January 5, 2011

郡を抜いてトンがっている才能に対するレスペクト

最近の通勤のお伴は、「遥かなる未踏峰」ジェフェリー・アーチャー。アーチャーの著作は「100万ドルを取り返せ」や「ケインとアベル」より今に至るまでたぶんすべて読んでいる。この人は、長編小説>短編集>数年のブランク>短編集>長編小説のサイクルで出していて、その魅力的な登場人物と小説の構想力とストーリー展開の巧さ、、イギリス人らしい軽妙で知的で刺激的なユーモア溢れる会話にいつも「むふふ」と唸りつつ、どんどん読み進んでしまう。今回の小説は天才登山家のジョージ・マロリーが主人公。彼と彼を取り巻く20世紀初頭のイギリスのハイクラスの人たちの生活を垣間見せてくれる。産業革命と「文明化」を武器に、彼らがあんなに小さな国なのに、どうして世界を席巻していったのか?彼らアングロサクソンの(ある意味、鼻持ちならない)独善的なプライドと世界一を目指す向上心や競争心はどこから来るのか?など、まだ読んでいる途中だけれど、少し理解できたみたいな気がした。この小説は当時のイギリスのエリートの話だ。

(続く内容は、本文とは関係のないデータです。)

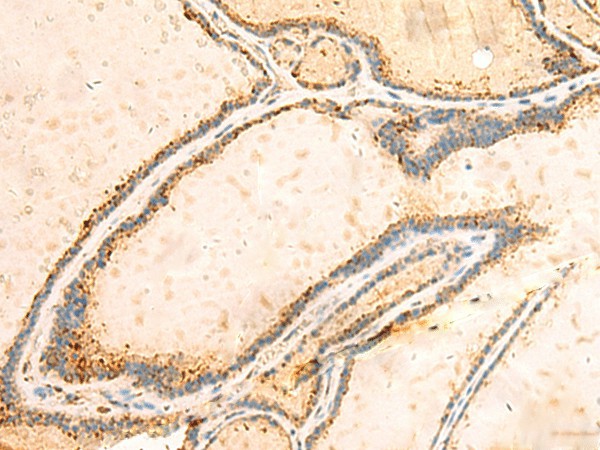 Immunohistochemistry of paraffin-embedded Human thyroid cancer tissue  using IGFBPL1 Polyclonal Antibody at dilution of 1:55(?200)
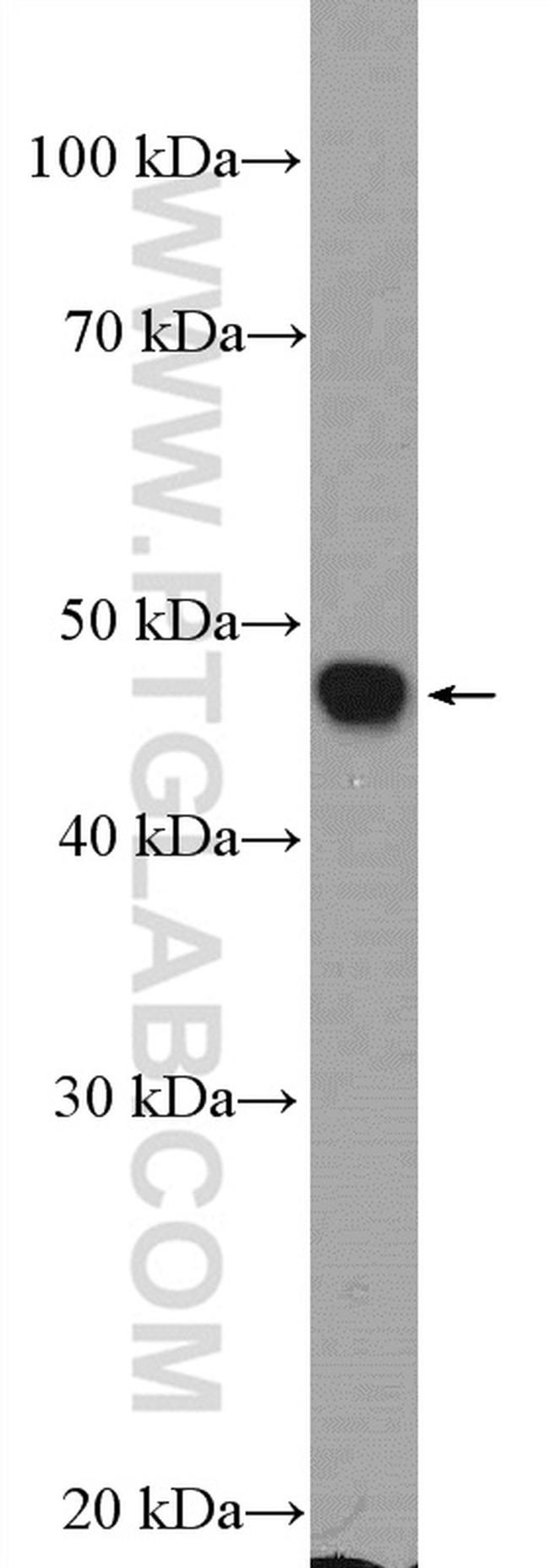 Neurokinin-1 receptor Antibody in Western Blot (WB)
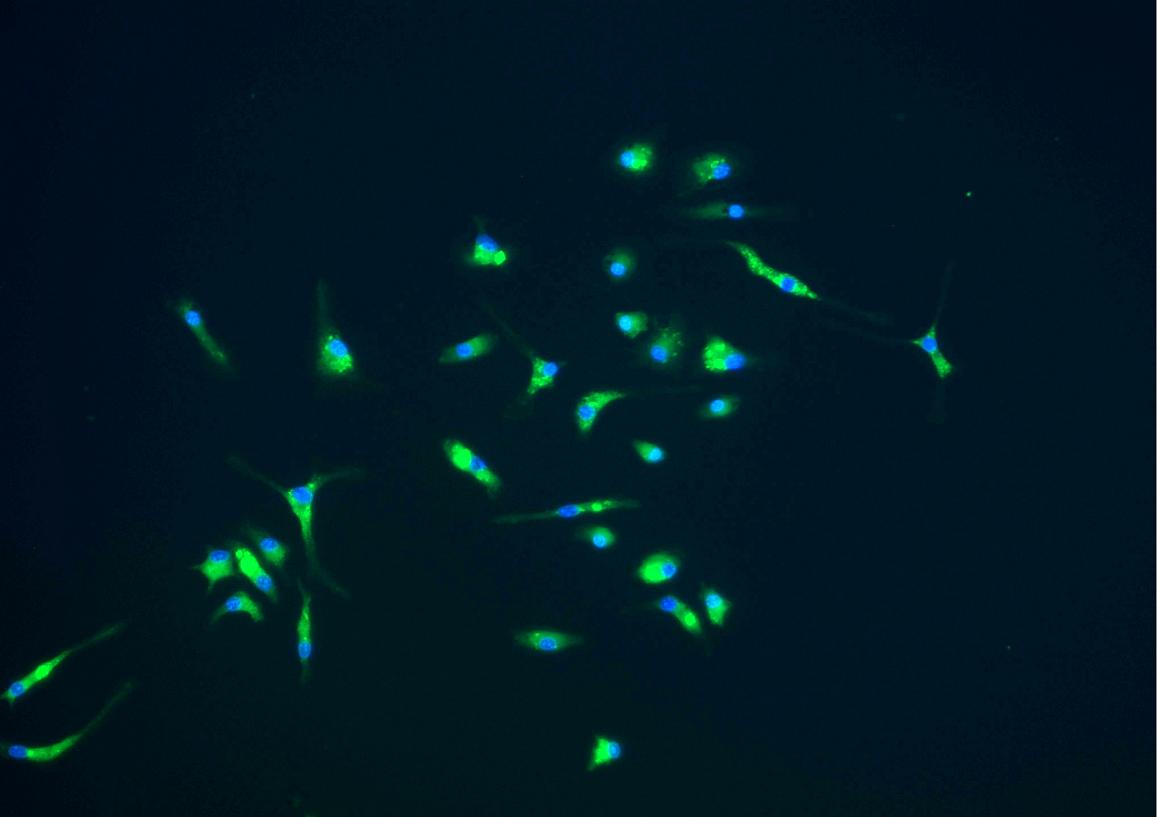 Microglia Are Key Defenders Against Prion Diseases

いうまでもなくポイントは教育システムだ。同じ時期の日本の状況は、イギリスより遥かにリベラルで日本人のすべての社会階層に「明るい未来を信じて」自分を高めるべく勉強していた。イギリスが「選ばれた人たちに最良の教育を」ということにフォーカスしたのに対し、それと同じくらい日本では「いかに底辺を広げて高めるか」にフォーカスを持ってきたことが特徴的。もう一つの観点は、イギリスの極めて保守的といえるインテリジェンス階級においては、ジョージ・マロリーのような「群を抜いてトンガッた才能」に対してのレスペクトとそれを活かす道を用意するだけの懐の深さがあること。逆に日本ではそれはイギリスに比べると「協調性のない特異な才能」のキャラは疎んじられる傾向があったかもしれない。だから当時の日本の選良たちは、そのほとんどが軍人か役人か学者になった。どれもきっちりしたマニュアルがあるから。いずれにしろ、あの時代の人たちは「熱かった」わけだ。小説のこの先が楽しみ。